John Travolta, Olivia Newton-John, Stockard Channing, Jeff Conaway
Director: Randal Kleiser
All together now: 'Go grease lightning, you're burning up the quarter mile/(Grease lightning, go grease lightning)/Go grease lightning, you're coasting through the heat lap trial/(Grease lighting, go grease lightning)/You are supreme/ The chicks'll scream/For grease lightning/Go, go, go, go, go, go, go, go, go, go.'
Now a staple of karaoke bars (if the lads are drunk enough) and high school musicals (if the teachers are drunk enough), Greased Lightning was the original title of Jim Jacobs and Warren Casey's 1971 theatrical smash - only minus the 'd' on the end of Greased. Having graduated from Chicago to Broadway, Grease set a box office record of 3,388 performances, before conquering the world and then Hollywood - courtesy of John Travolta's quiff and hips, and Olivia Newton-John's skin-tight wholesomeness.
The song itself is a highlight on stage and screen. Placed mid-way through act one, it is both a contrast (to the Pink Ladies' girlish sleepover) and a mickey-take: the greaser T-Birds (or Burger Palace Boys as they were on stage) mock Kenickie's newly purchased, but distinctly second-hand wheels with a devastating combination of close-harmony singing and thigh-straining dance moves.
Aptly, then, the song is a parody in a homage's clothing: early Elvis with a backing band of early Elvises. In the 1978 movie, the sight of a lithe and limber Travolta surrounded by several lithe and limber carbon copies is almost more than the mind can bear.
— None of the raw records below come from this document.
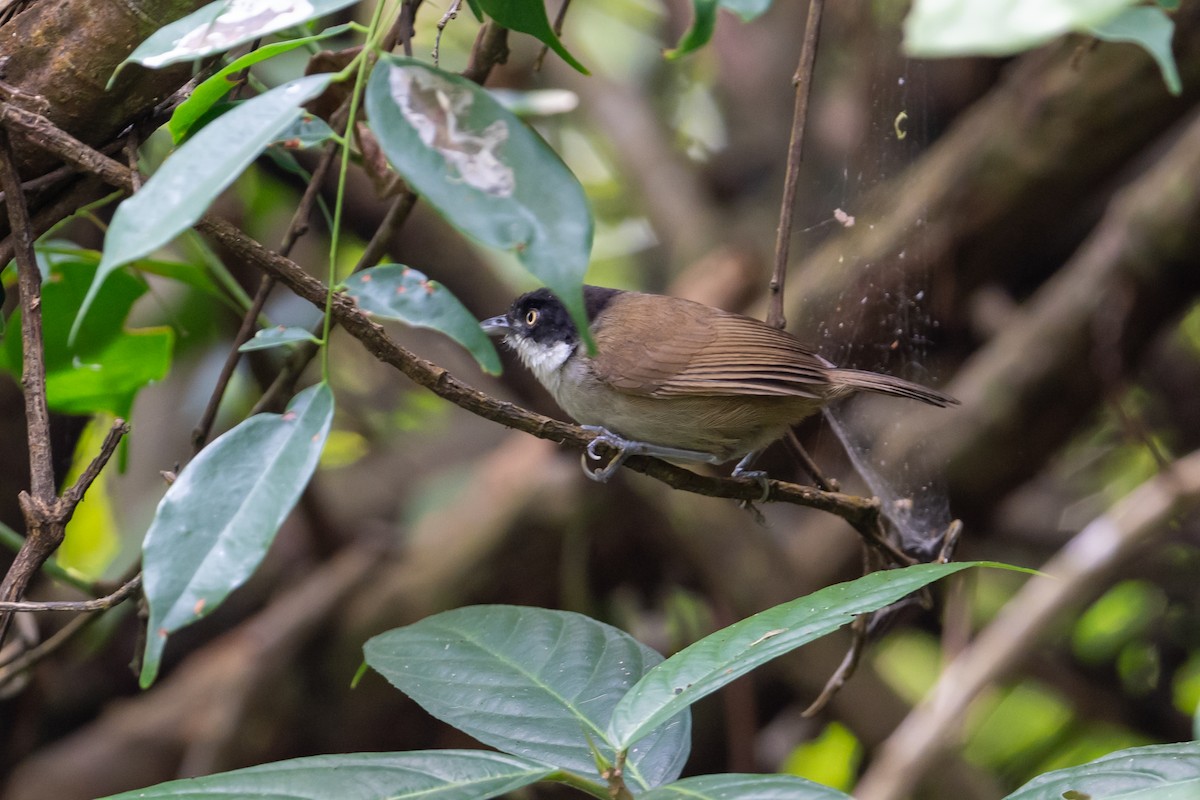 Dark-fronted Babbler - ML650682551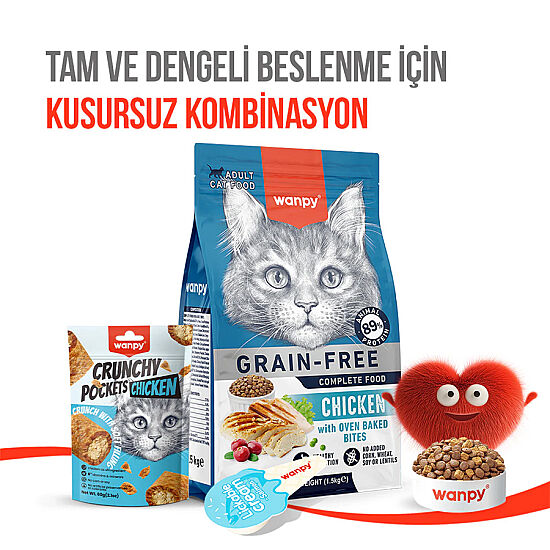 Wanpy Crunchy Pockets Tavuklu Kedi Ödülü 60 Gr - 6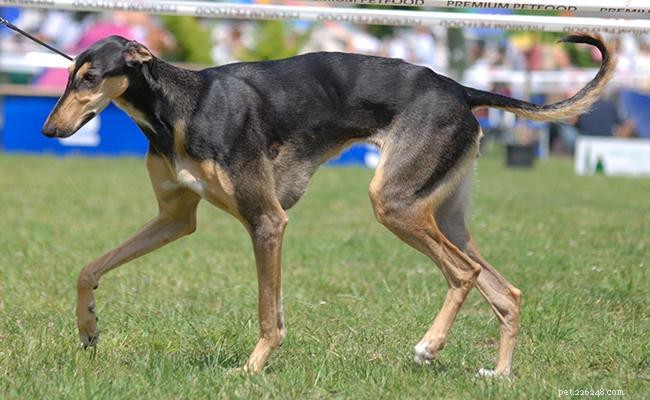 Polish Greyhound (Chart Polski): Comprehensive Breed Profile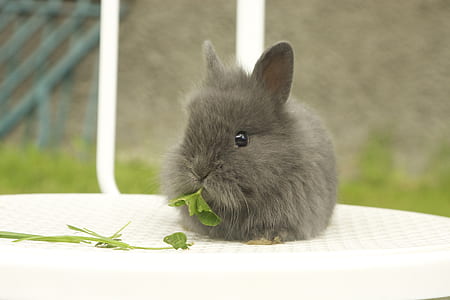 gray fur bunny eating green leaf thumbnail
But as the song motors off, the spoof loses its confidence almost immediately as the T-birds set about convincing themselves (and us) that Kenickie's car might just amount to something. All it needs is lots of work and lots of cash.
Just as quickly, it becomes apparent that Sandy's real competition for Danny's heart is not ex-girlfriend Cha Cha, his industrial-strength hair gel, the other T-Birds or even his gargantuan ego: it's the teen boy's fantasy of taking a beat-up ol' Dodge and turning it into a cherry red 'pussy wagon'.
In the context of Grease (the movie), the song anticipates the James Dean-esque car duel, and mirrors Sandy's less than inspiring transformation into a T-bird's ideal, er, bird (presumably with a pair of furry dice). In this, Greased Lightning fits snugly and somewhat smugly into a classic American love affair between boys and their automobiles: Stephen King's Christine, ee cummings' sex on four wheels poem, 'she being Brand/- new'.
But you'll have to go some to match the sheer erotic obviousness of Travolta singing: 'You know that ain't no shit/We'll be getting lots of tit/In Grease Lightning/Go, go, go, go, go, go, go, go, go, go.' Just when you thought the innuendo couldn't get more overt, Travolta vanishes, deus ex machina, above the screen, only to reappear, straddling an engine like some sex-crazed rodeo rider mounted on an enormous phallic metaphor: 'You are supreme/The chicks'll cream/For grease lightning'. Greased Lightning (Go, greased lightning): it ain't subtle, but it sure is catchy.